# So I got this.



## spud (Apr 14, 2019)

My grass seems ok but this report looks pretty bad.

Any and all suggestion are welcome.

I've already put down 50#/k dolomitic lime.

This from last fall.


This if for the front yard the back yard is similar.


----------



## bmw (Aug 29, 2018)

Looks really good. I would incorporate a monthly liquid spray of micronutrients. Also, maybe a 15-0-15 fertilizer because your potassium is so low and emerald zoysia doesn't require high doses of N.

Curious, do you like your 25" Cal Trimmer? Debating on eventually getting one but my yard may be too bumpy and sloped.


----------



## g-man (Jun 15, 2017)

@spud This shows that you can have a nice yard without ideal soil conditions.

Your pH is low, so it needs lime. They calculated 105lb/ksqft. The 50lb of dolmitic is good. I think your next lime application should be calcitic to avoid getting the Mg too high.

Phosphorous is really low (deficient). Can you source Triple Superphospahte (TSP 0-45-0)? If so, then it goes down at 2lb/ksqft monthly.

Potassium is low too (deficient). The best product is Sulfate of Potash (SOP) 0-0-50, but it can be hard to find. It goes down at 2lb/ksqft.

Your iron is lower than your Mn, and that could lead to some yellow looking lawn. Since your pH is low, you can use any iron source. Ironite might be a cheap option.

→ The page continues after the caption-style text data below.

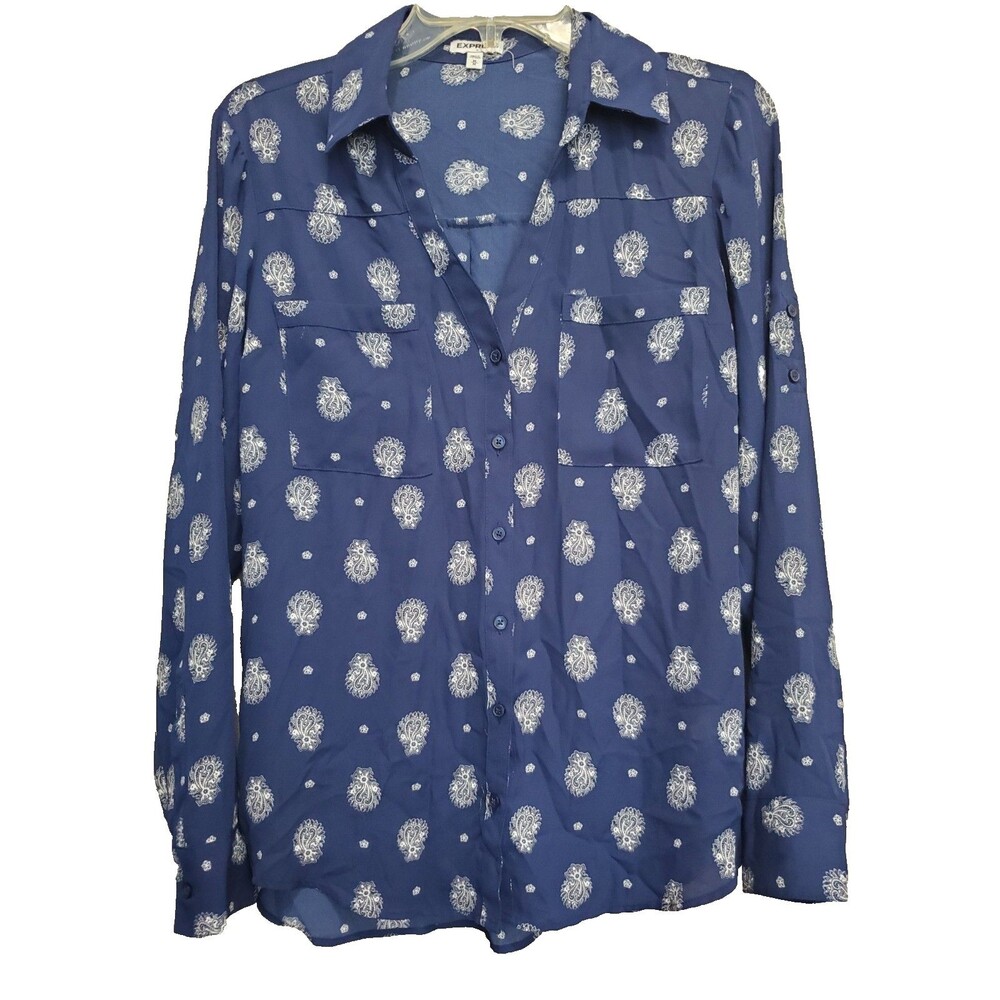 Express Blue Geo Print Roll-Tab Sleeve Button-Up Shirt Size Medium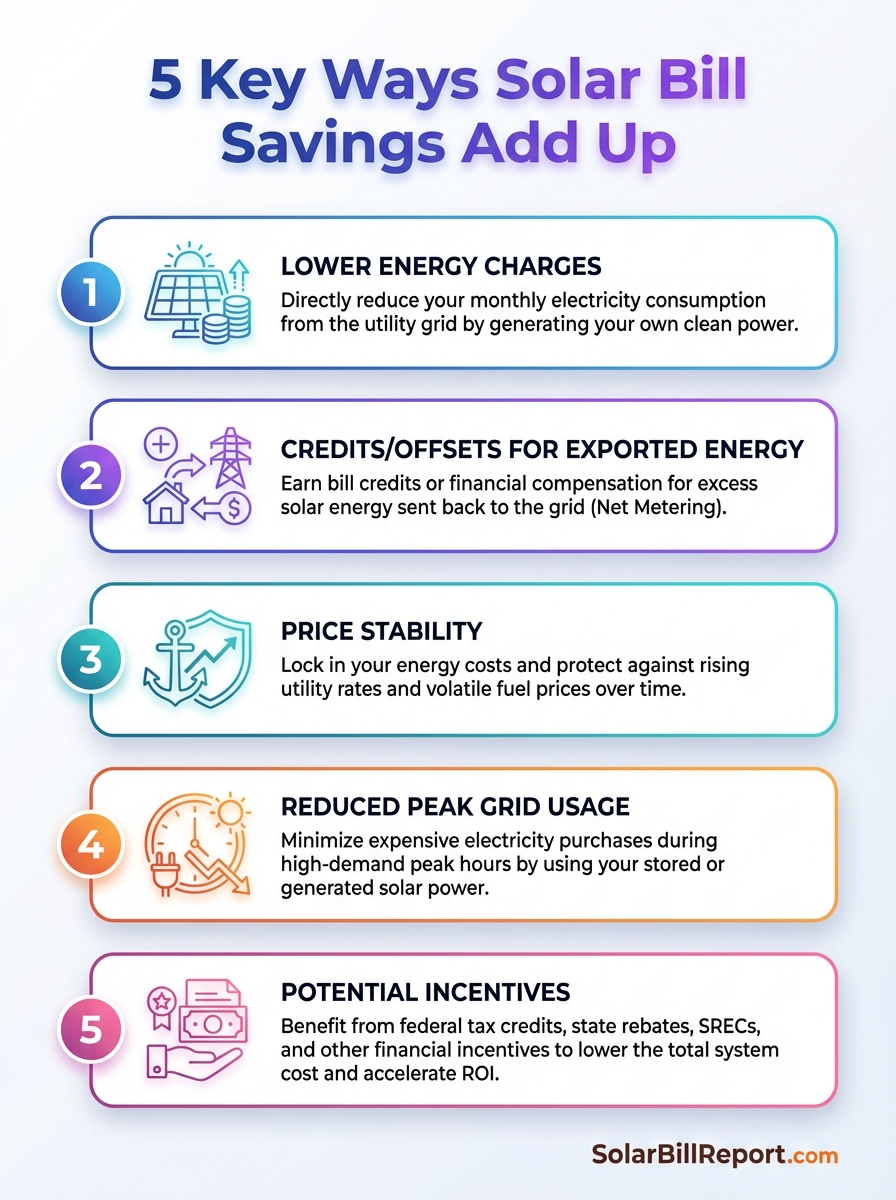 Infographic showing 5 key ways solar bill savings add up and how to maximize solar savings.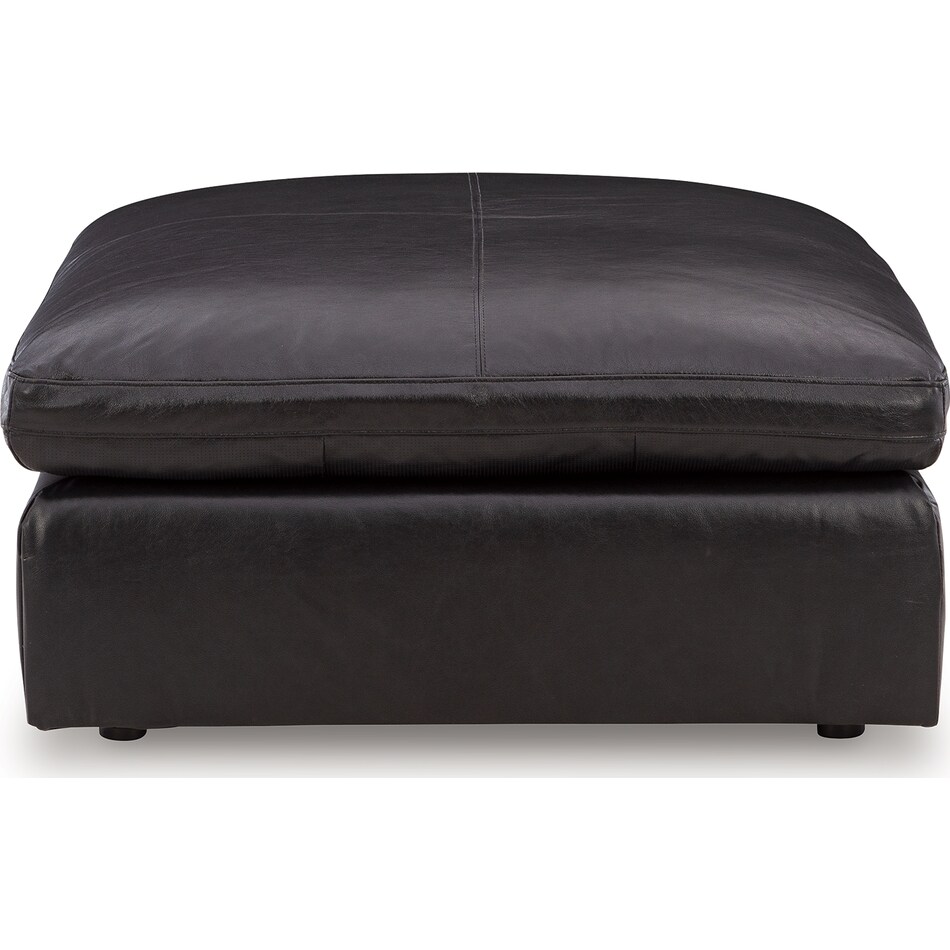 emilia black leather ottoman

I dont think you need anything else.


----------



## spud (Apr 14, 2019)

I put down 1.8#/k SOP just a few months ago(half a bag).

Guess I'll put out the rest, and get some TSP.

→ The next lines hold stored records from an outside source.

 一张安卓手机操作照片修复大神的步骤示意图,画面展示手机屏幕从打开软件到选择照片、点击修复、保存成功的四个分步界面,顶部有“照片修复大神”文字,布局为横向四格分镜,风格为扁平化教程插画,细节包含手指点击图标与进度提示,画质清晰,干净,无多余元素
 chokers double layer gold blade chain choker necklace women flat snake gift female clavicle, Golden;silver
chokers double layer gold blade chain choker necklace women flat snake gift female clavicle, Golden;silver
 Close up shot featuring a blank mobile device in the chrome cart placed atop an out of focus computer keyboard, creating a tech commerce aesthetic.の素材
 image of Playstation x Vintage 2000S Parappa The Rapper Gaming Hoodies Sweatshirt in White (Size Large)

Should I wait until green-up or do it now?

I plan on using a 13-13-13 fert this year.

I like my mower just did a couple of mods last month see the Caltrimmer page.


----------



## g-man (Jun 15, 2017)

You can apply it as long as your soil is not frozen.

If you use 13-13-13, then skip the SOP /TSP those applications. The main benefit of the SOP/TSP is that it allows you to continue to ammend the soil without feeding more Nitrogen. I think Zoysia doesn't like a lot of N.


----------



## adgattoni (Oct 3, 2017)

Since your nitrogen recommendation is equal to your potassium recommendation, a total of 38lb of 13-13-13 per 1ksqft over the course of the season will get you to their targets for potassium without applying too much nitrogen. About 7.5lb fertilizer per 1ksqft (~1lb N/1ksqft) per month from May - September would do the trick. You'll go above the phos recommendation but I doubt it will reach a harmful level.


----------



## spud (Apr 14, 2019)

adgattoni said:


> Since your nitrogen recommendation is equal to your potassium recommendation, a total of 38lb of 13-13-13 per 1ksqft over the course of the season will get you to their targets for potassium without applying too much nitrogen. About 7.5lb fertilizer per 1ksqft (~1lb N/1ksqft) per month from May - September would do the trick. You'll go above the phos recommendation but I doubt it will reach a harmful level.


Excellent and cheap idea!


----------



## spud (Apr 14, 2019)

Oh and Regal has a 0-20-20. Maybe I'll get that to keep the N down...


----------



## adgattoni (Oct 3, 2017)

spud said:


> Oh and Regal has a 0-20-20. Maybe I'll get that to keep the N down...


If you want to get precise and minimize nitrogen:

3x 50lb bags of 18-24-12 starter fert over 13k square feet would be 2lb of nitrogen, 2.8lb of phosphorous, and 1.4lb of potassium per 1ksqft. 2x 50lb bags of 0-0-50 SOP on top of that would put you at 5.2lb potassium total per 1ksqft.

Based on Ewing/Lowe's prices:


----------



## spud (Apr 14, 2019)

adgattoni said:


> spud said:
> 
> 
> > Oh and Regal has a 0-20-20. Maybe I'll get that to keep the N down...
> ...


Dang adgattoni !

That's awesome and detailed! I'll definitely use that.

Thank you.


----------



## brianuab (Jun 6, 2018)

@spud where do you purchase the Regal product from ?


----------



## spud (Apr 14, 2019)

I've not purchased anything yet but they have a storefront in Alpharetta GA.


----------